Selon Gardner, il y en a 8. En général, 4 prédominent chez une personne. Ces intelligences fonctionnent en complémentarité : notre cerveau fait appel à plusieurs d’entre elles et parfois certaines prennent le dessus sur d’autres. Ces intelligences sont plus ou moins développées chez chacun et les capacités évoluent avec les expériences éducatives et culturelles et bien sûr, avec l’entraînement.
On vous présente ces 8 intelligences :
- L’intelligence logique – mathématique
Vous êtes forts en maths ou aux échecs ? C’est cette intelligence qui permet de résoudre des problèmes arithmétiques mentalement, des défis logiques et stratégiques, de faire des inférences, de tester des idées et des solutions, de classifier, hiérarchiser, identifier des régularités, de voir les rapports de causes à effets, et d’argumenter.
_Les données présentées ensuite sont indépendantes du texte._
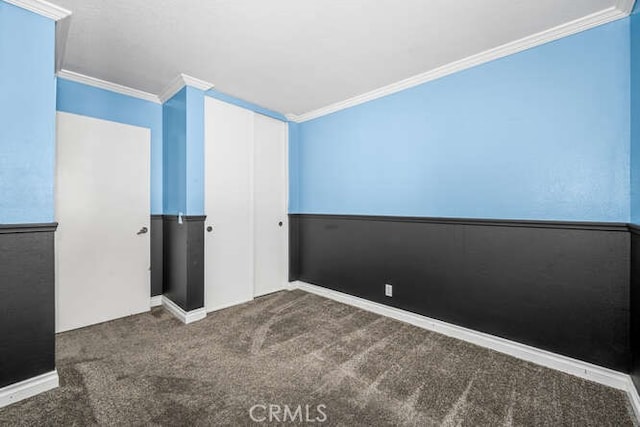 carpeted spare room featuring crown molding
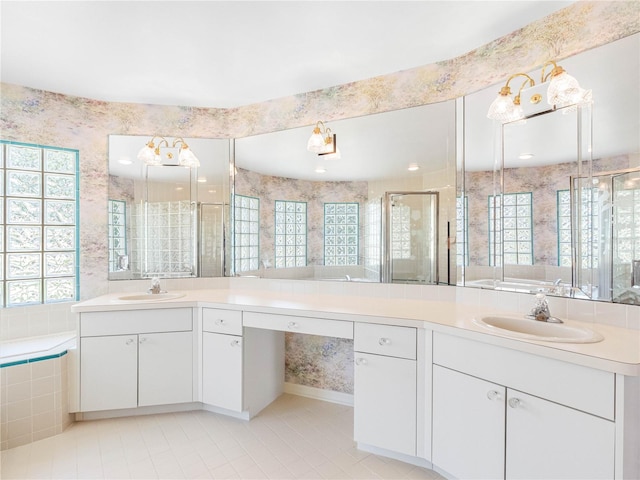 full bathroom with a stall shower, vanity, plenty of natural light, and tile patterned floors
- L’intelligence verbale – linguistique
Vous êtes à l’aise avec les mots, à l’écrit comme à l’oral ? Vous avez une bonne mémoire pour les noms, les lieux, les dates ? Les personnes chez qui cette intelligence prédomine ont un goût avéré pour la lecture, disposent d’un large vocabulaire avec des significations complexes. Elles maîtrisent l’art des jeux de mots, aiment raconter des histoires, débattre, et apprécient la poésie.
- L’intelligence visuelle – spatiale
Cette intelligence fait appel à la capacité de visualiser les choses
mentalement, afin de réaliser des dessins ou des représentations graphiques. Elle prend aussi en compte le fait de se déplacer ou à déplacer des objets mentalement dans l’espace et le “sens de l’orientation”. Les personnes chez qui cette intelligence est particulièrement développée apprécient particulièrement les arts visuels et peuvent récréer de mémoire des scènes détaillées.
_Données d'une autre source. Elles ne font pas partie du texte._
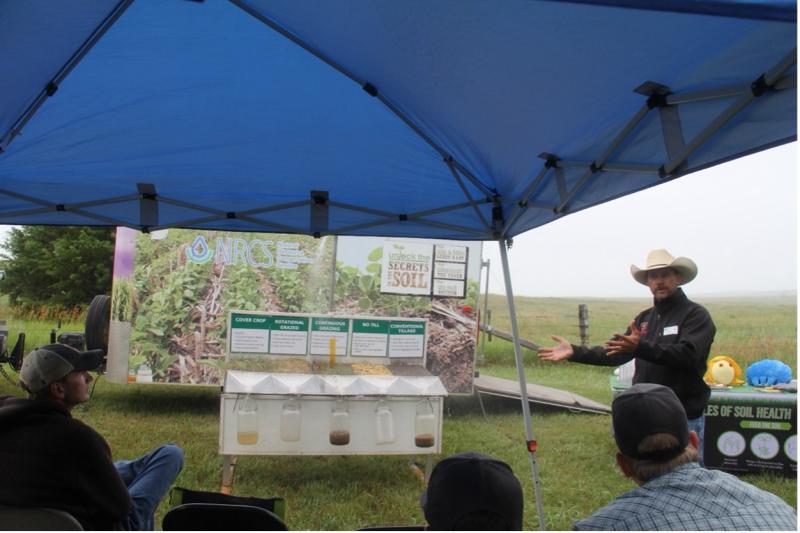 A man stands beside a rainfall simulator inside a tent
- L’intelligence corporelle – kinesthésique
Elle permet d’imiter les gestes et d’exécuter des séquences de mouvements. Les personnes ayant développé particulièrement ce type d’intelligence comprennent comment fonctionnent les objets en les manipulant, apprécient les activités manuelles et sportives, et communiquent facilement leurs idées et leurs émotions par le mouvement.
- L’intelligence musicale
Si vous êtes particulièrement à l’aise pour discerner les différents tons, les
différents sons et rythmes, si vous vous souvenez facilement de mélodies et de motifs rythmiques, il y a de forte chances que vous ayez une bonne intelligence musicale. Celle-ci sert à recréer des sons, des rythmes, à comprendre leur signification, à synchroniser différents motifs musicaux.
- L’intelligence interpersonnelle
Vous êtes comme un poisson dans l’eau lorsqu’il s’agit de comprendre la personnalité, les sentiments et intentions des autres ? Vous adaptez souvent votre comportement en fonction de votre interlocuteur ? Ce sont les caractéristiques de l’intelligence interpersonnelle qui permet d’établir des relations avec autrui, de coopérer, gérer un groupe, d’enseigner, de faire preuve d’empathie et de sensibilité pour les autres.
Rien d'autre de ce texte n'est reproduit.